The sky over the Black Marshes never turned blue.

It was a churning gray, smeared like ash across the heavens. Thunder murmured constantly, like a god grumbling in its sleep. The land itself was wrong—half swamp, half graveyard, pulsing with a sickness that breathed.

Kael stepped into the mud, his boots sinking deep. The water was black. Not murky—black. It didn't reflect the sky. It swallowed light.

Sera walked beside him, pale and silent, her cloak pulled tight against the wet air.

"This place reeks of old death," she murmured.

"No," Kael said, eyes scanning the fog. "It reeks of the Ascended."

---

A Day Earlier…

A dying merchant in the last village had whispered his name with his final breath:

> "Solren the Hollow. He's become part of the swamp now. Wears a crown of vines. Kills with words."

An oathkeeper once—like Kael and Eryndor. Before the Severing.

Now, he was one of the Ascended—beings reshaped by Eryndor's will. Men who had torn out their own names in exchange for power that should never have been given.

Kael wanted his head.

---

They pressed deeper into the swamp. Strange lights flickered between the trees—too slow to be fireflies, too wrong to be natural.

Then the voices began.

At first, whispers.

Then laughter.

Then screams.

None of it real.

Sera collapsed to her knees, clutching her ears. "They're inside—inside my thoughts—"

Kael grabbed her, dragging her into a dry patch of stone. The whispers faded as he pressed his palm to the Mark, forcing it to flare. It hurt—deeply—but the curse responded to curses.

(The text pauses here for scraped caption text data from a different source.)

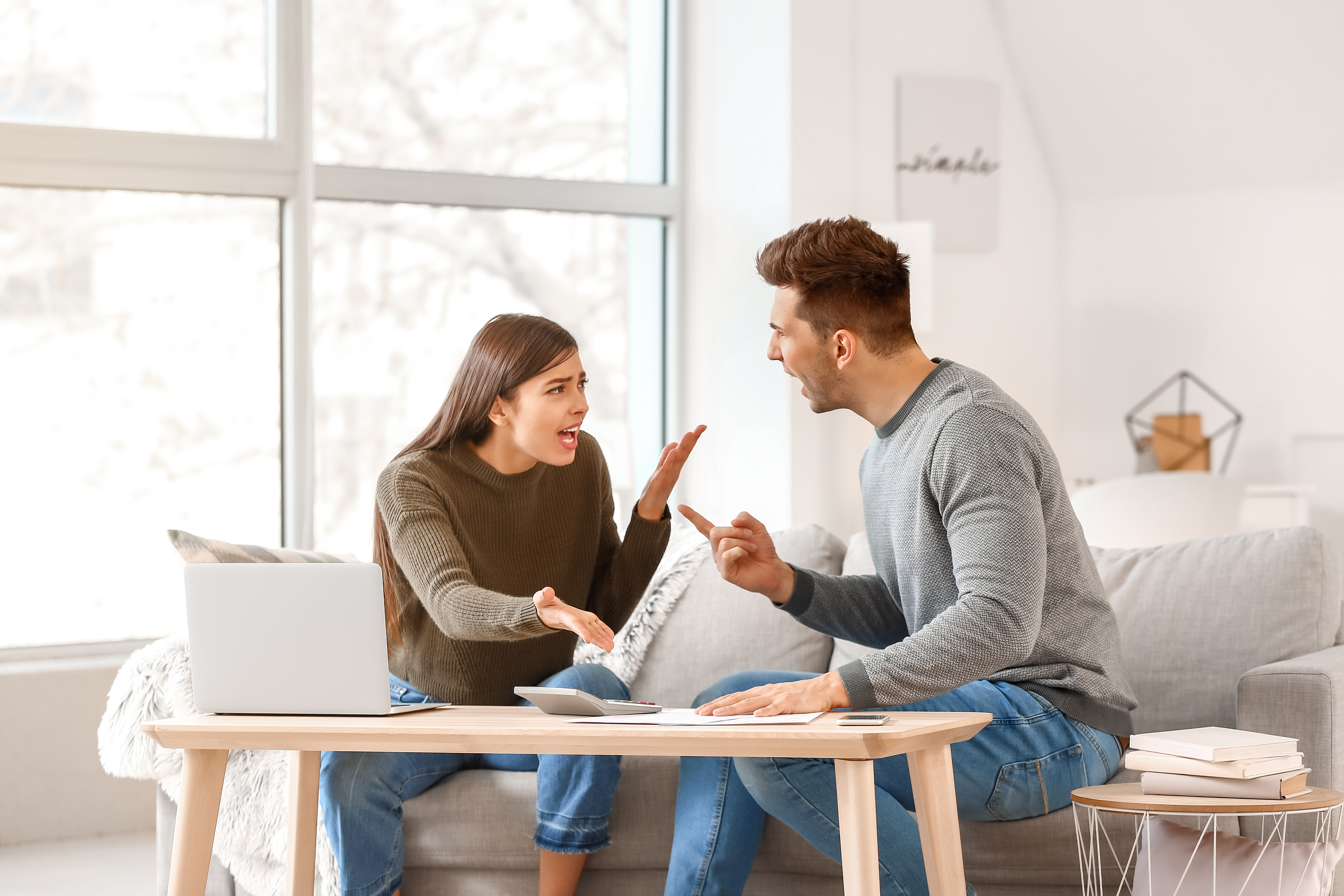 Una pareja peleándose | Foto: Shutterstock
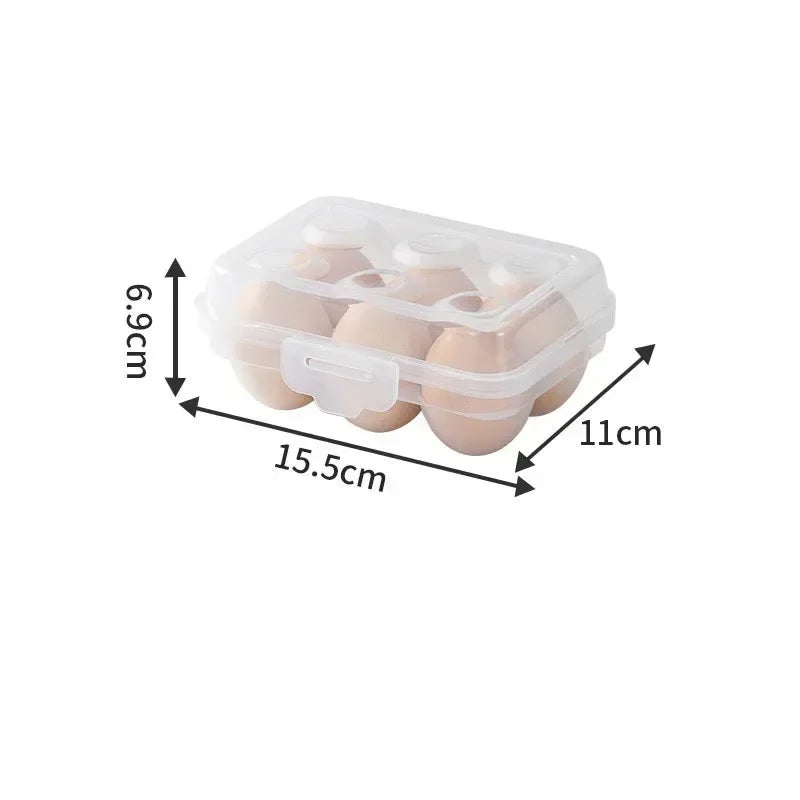 6-grid egg tray with lid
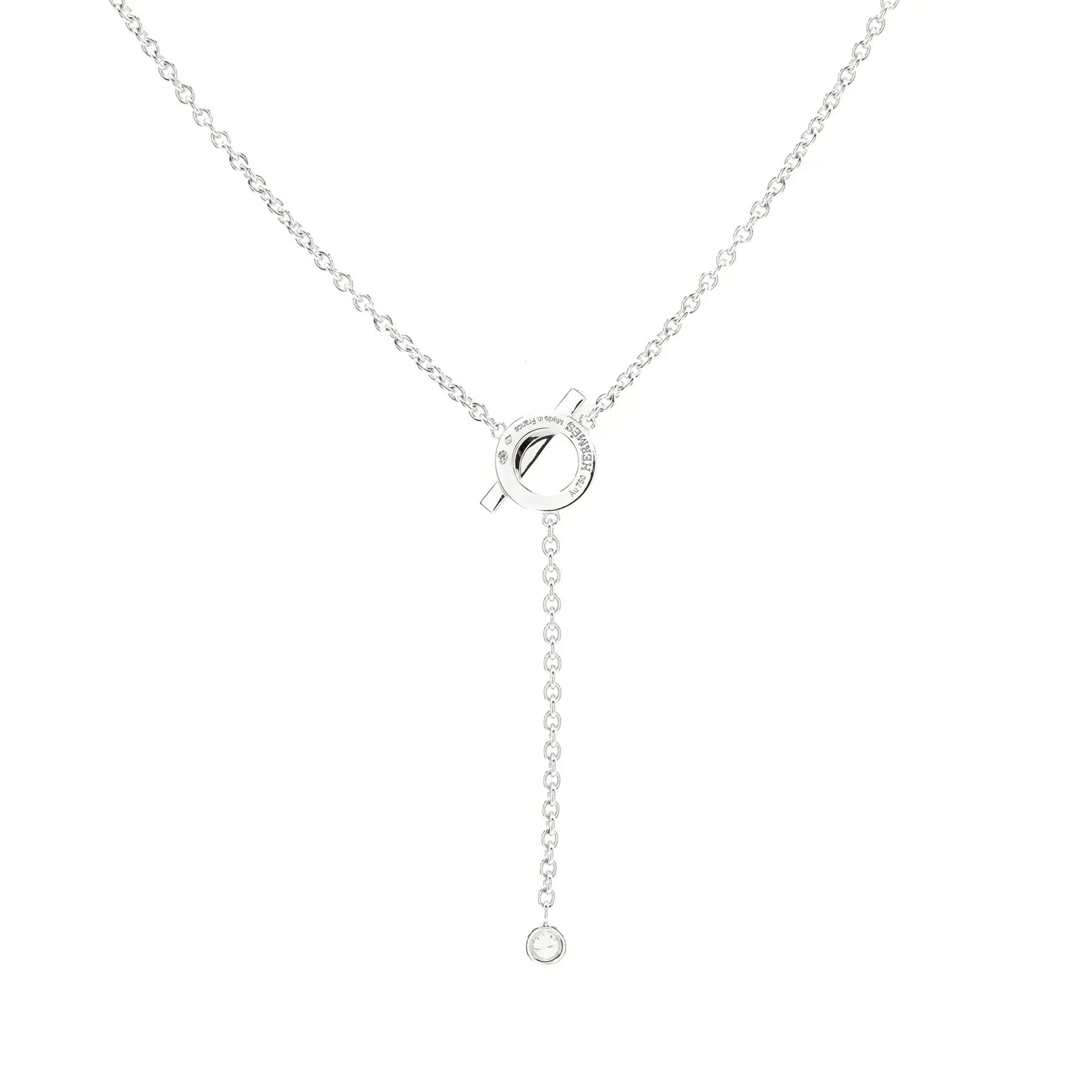 Loco FINESSE SILVER DIAMOND NECKLACE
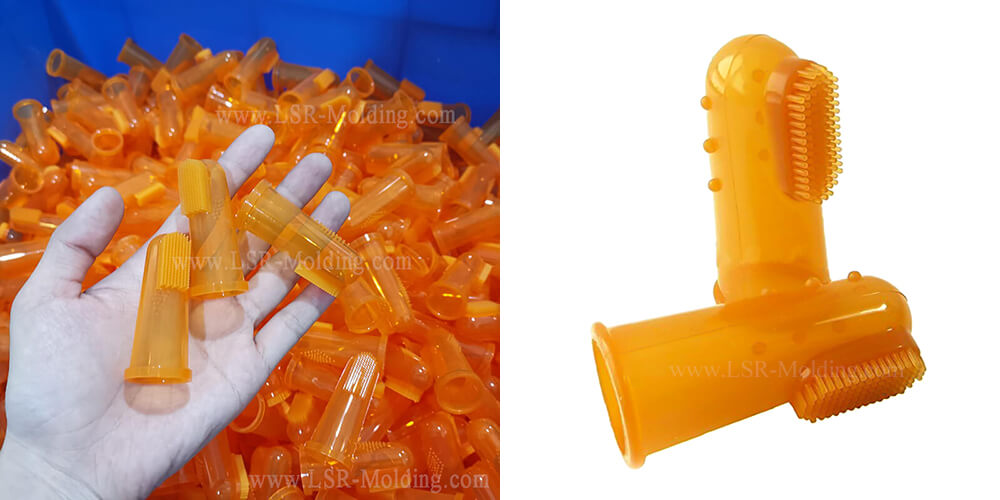 Silicone infant toothbrush by LSR Injection Mold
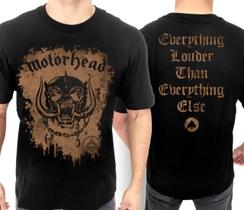 Camiseta Motorhead Of0102 Consulado Do Rock Oficial Banda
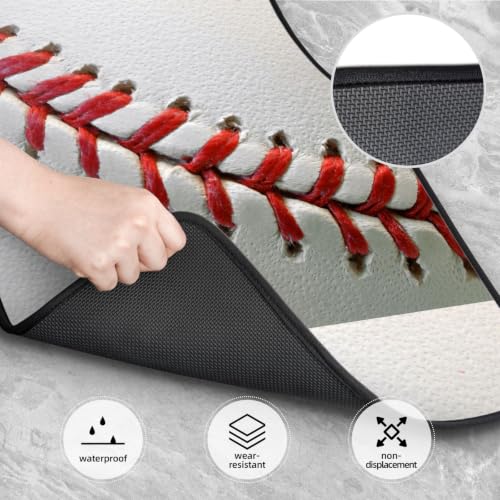 Alfombrillas de coche de béisbol juego de 4 piezas de neopreno antideslizante 4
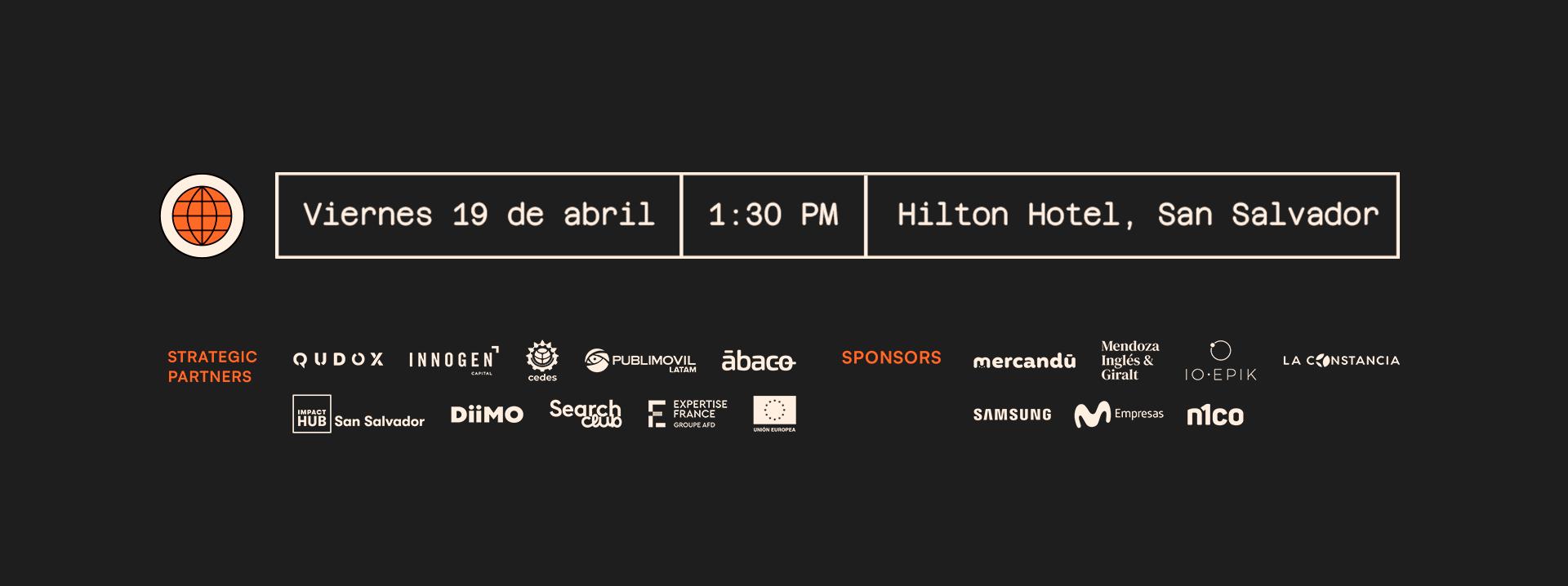 Elaniin AI '24 información general: Hotel Hilton, San Salvador. Viernes 19 de abril, 1:30 P.M.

And drove the other one back.

Sera gasped, then looked up at him.

"That thing," she said. "It's watching us. It sees everything in this place."

Kael nodded. "Good. Let it see me coming."

---

Nightfall.

They reached the ruins—an old temple drowned in marshwater, twisted by time and taint. Vines coiled like veins across stone and bone. Corpses hung from trees, eyes stitched open.

And on the throne of roots, waiting, sat Solren the Hollow.

He looked like a man made of bark and shadow. His face was wooden—literally—mask-like, with only his eyes showing: glowing blue, empty of soul.

"You came to kill me," Solren said, voice like wind through dead leaves.

Kael didn't answer.

Solren stood.

"You think you are vengeance, Kael Veyne. But you're just an echo of an oath already broken."

"I don't care what I am," Kael growled, drawing Whisperfang. "As long as you're dead by dawn."

Solren spread his arms. "Then bleed for your brother."

---

The battle was chaos.

Solren didn't fight like a man. He fought like a forest that hated you.

Vines lashed out, tearing the ground apart. Illusions crawled into Kael's vision—Eryndor's face, smiling, taunting. His past lovers. His dead comrades. All whispering his name, begging him to turn back.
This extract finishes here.